Geography
- Location: Fresno County, California, United States
- Coordinates: 36°46′26″N 118°49′09″W﻿ / ﻿36.773937°N 118.819094°W

Ecology
- Dominant tree species: Sequoiadendron giganteum

= Evans Grove Complex =

Seven sequoia groves California, US

The Evans Grove Complex is a complex of seven giant sequoia groves located in the Kings River watershed on the southern slopes of Kings Canyon in Giant Sequoia National Monument (Sequoia National Forest). It is formed from the Evans, Lockwood, Little Boulder, Boulder, Kennedy, Windy Gulch, and Horseshoe Bend groves. The complex is home to a rich collection of old-growth giant sequoias covering a combined 2,270 acres.

==History==
Evans Grove Complex derives its name from Evans Grove, the largest constituent grove, which itself is named after John Evans, who lived nearby and protected the trees from fire.

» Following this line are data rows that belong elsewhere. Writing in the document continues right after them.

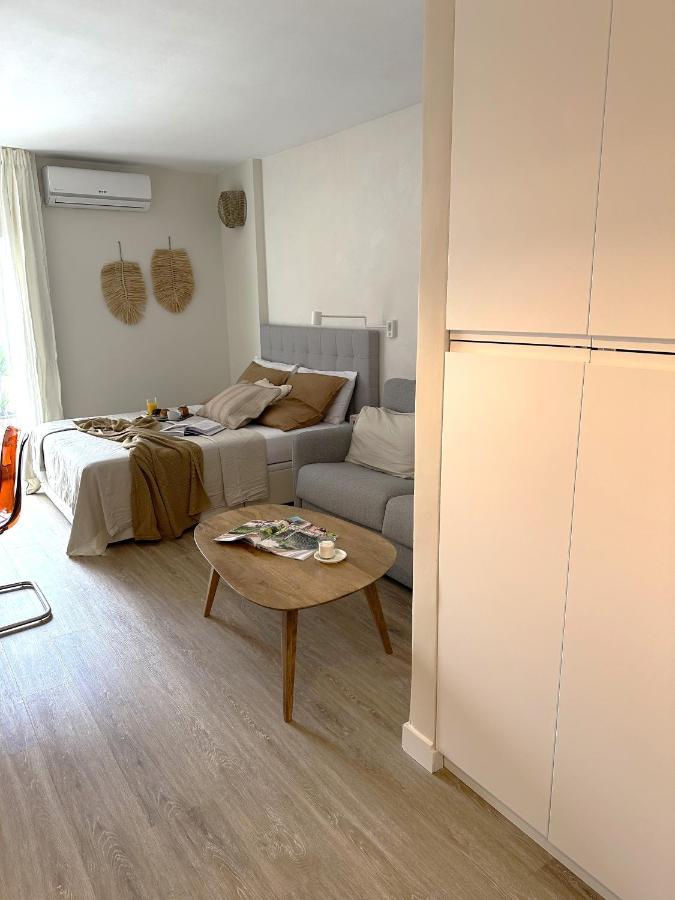 Minerva Estudio Suite White Jasmine, Beach And Pool Benalmádena Exterior photo
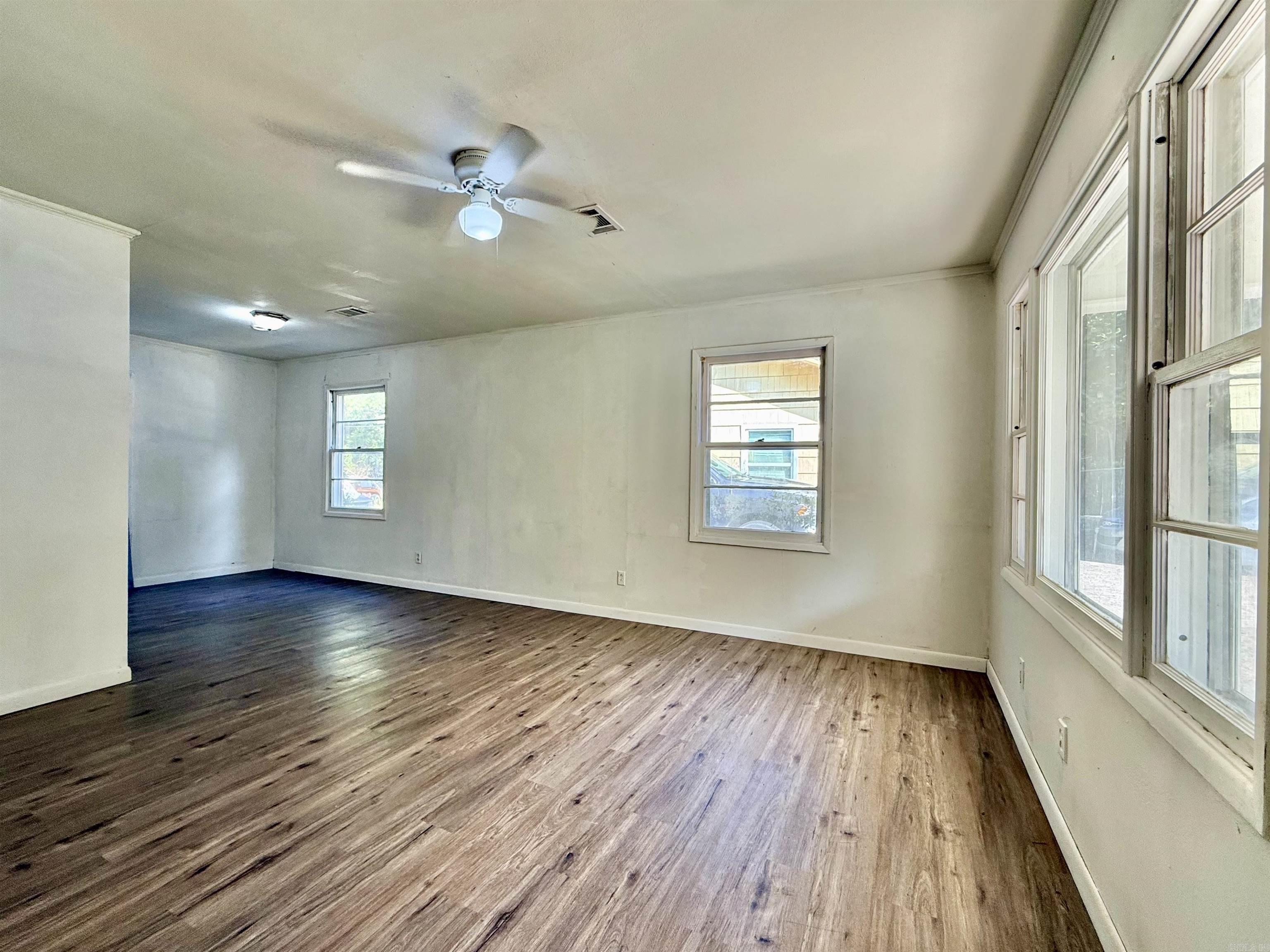 728 Lucas Lane Property Photo 8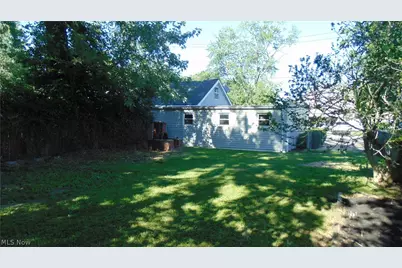 34090 Roberts Road, Eastlake, OH 44095 - Photo 8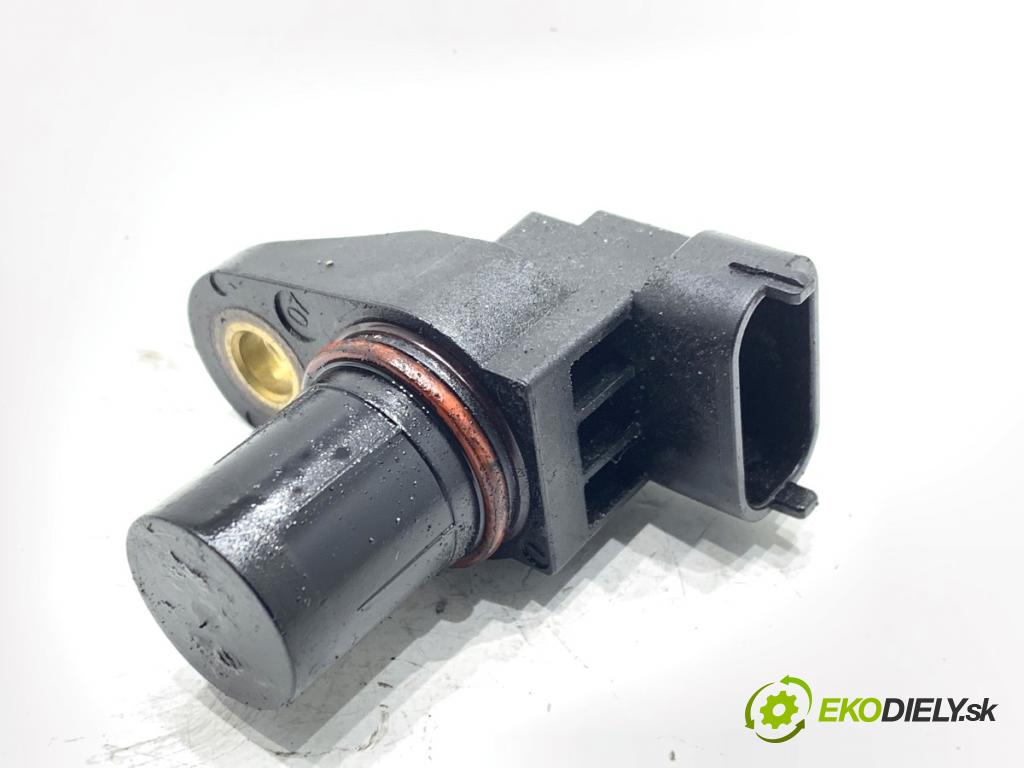 MERCEDES-BENZ S212 Kombi 2010 170 kW E 350 CDI 4-matic (212.289) 2987 snímač pozice vačkového hřídele A0051531328 (Snímač polohy klikového hřídele)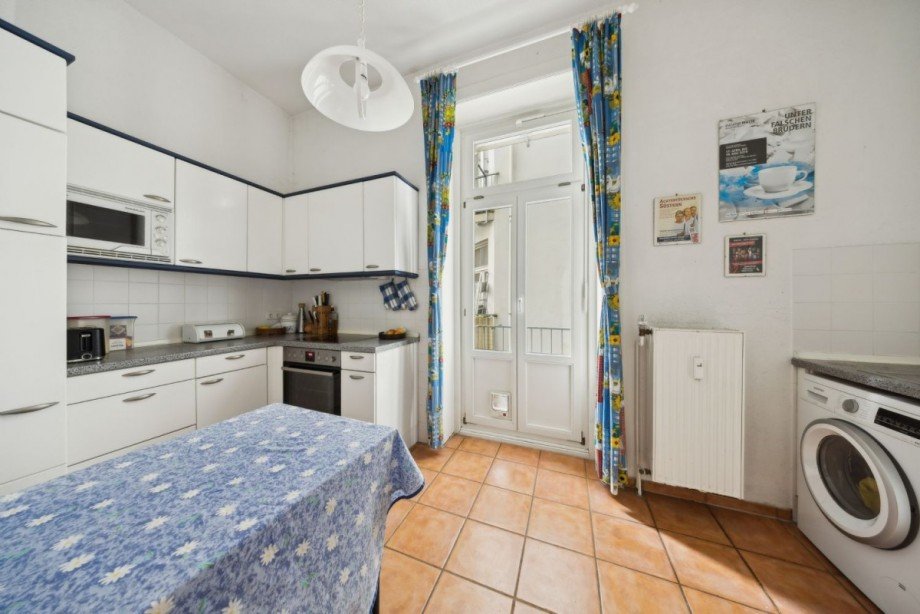 Geräumige Küche mit Essplatz & Balkon Erdgeschosswohnung Hamburg
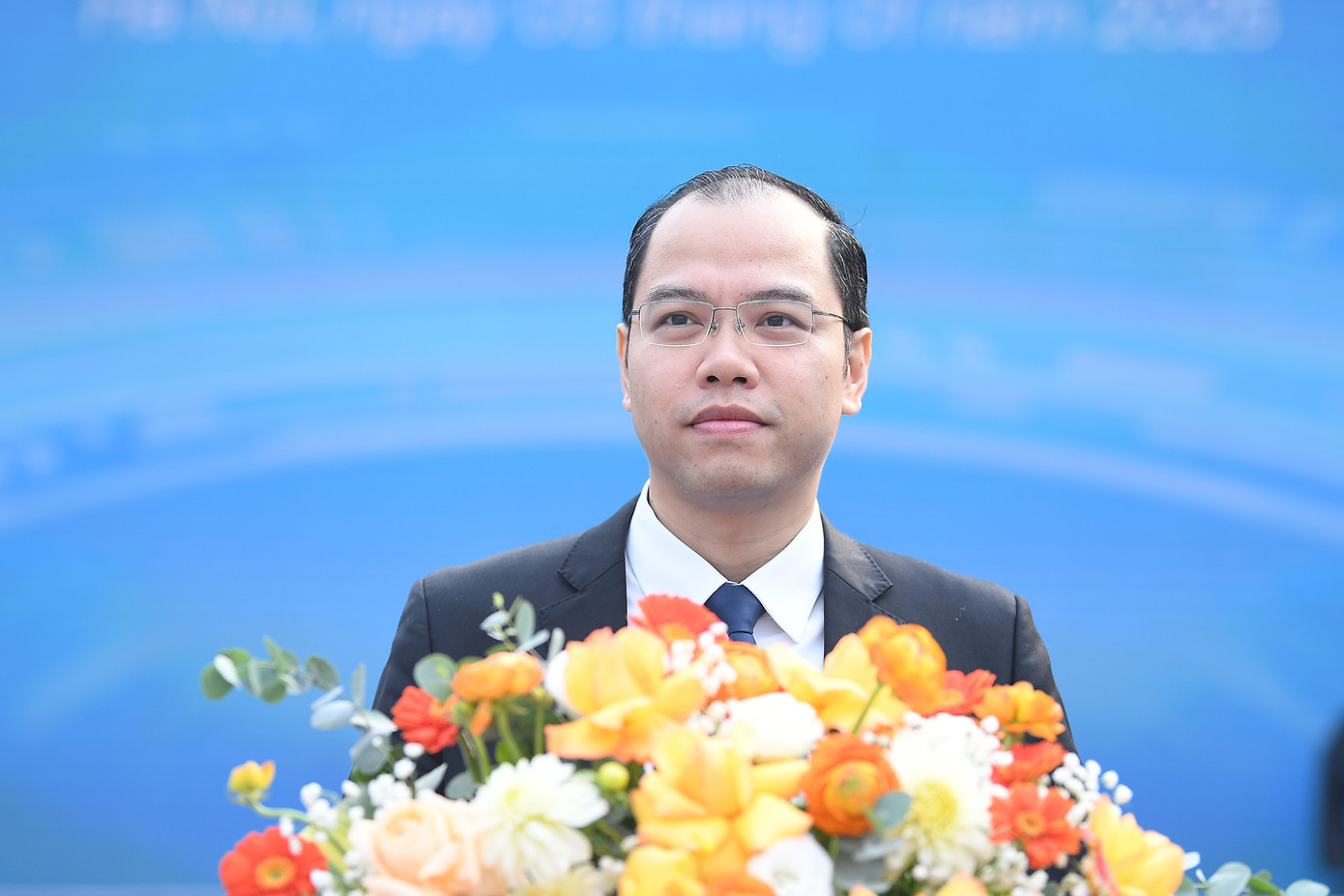 Anh Nguyễn Tiến Hưng – Phó Bí thư Thành Đoàn, Chủ tịch Hội Sinh viên TP. Hà Nội phát biểu tại chương trình. Anh Nguyễn Tiến Hưng – Phó Bí thư Thành Đoàn, Chủ tịch Hội Sinh viên TP. Hà Nội phát biểu tại chương trình.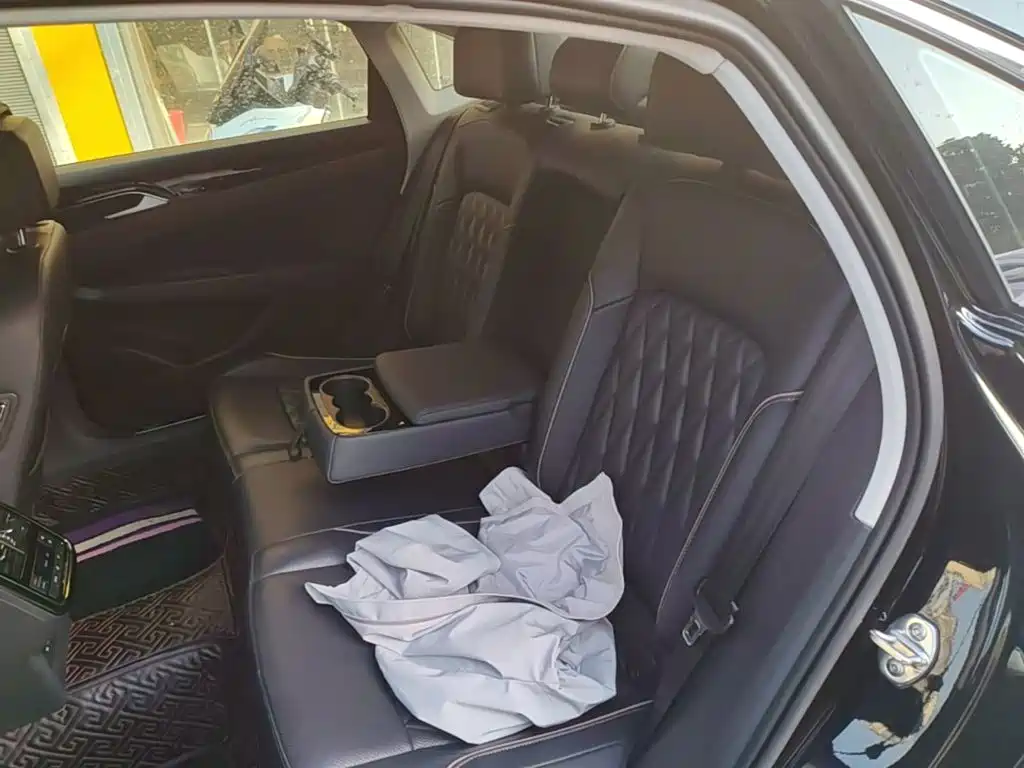 Volkswagen Passat — фото 17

The complex and its surroundings were heavily impacted by the Rough Fire in 2015 and have since been closed by the Sequoia National Forest However it is open as of 2024

==Noteworthy trees==
Some trees of special note found within the complex include:
- Ishi Giant—an old, fire-scarred giant sequoia with few visitors and was the 14th tallest giant sequoia in the world. In 2015, the tree lost significant trunk volume, over 27 ft in height, and over half of its crown during the Rough Fire. A new volume and height estimate is needed to determine its size.
- Evans Tree—a giant sequoia that was measured in 1981, and had a volume of 30232 cuft.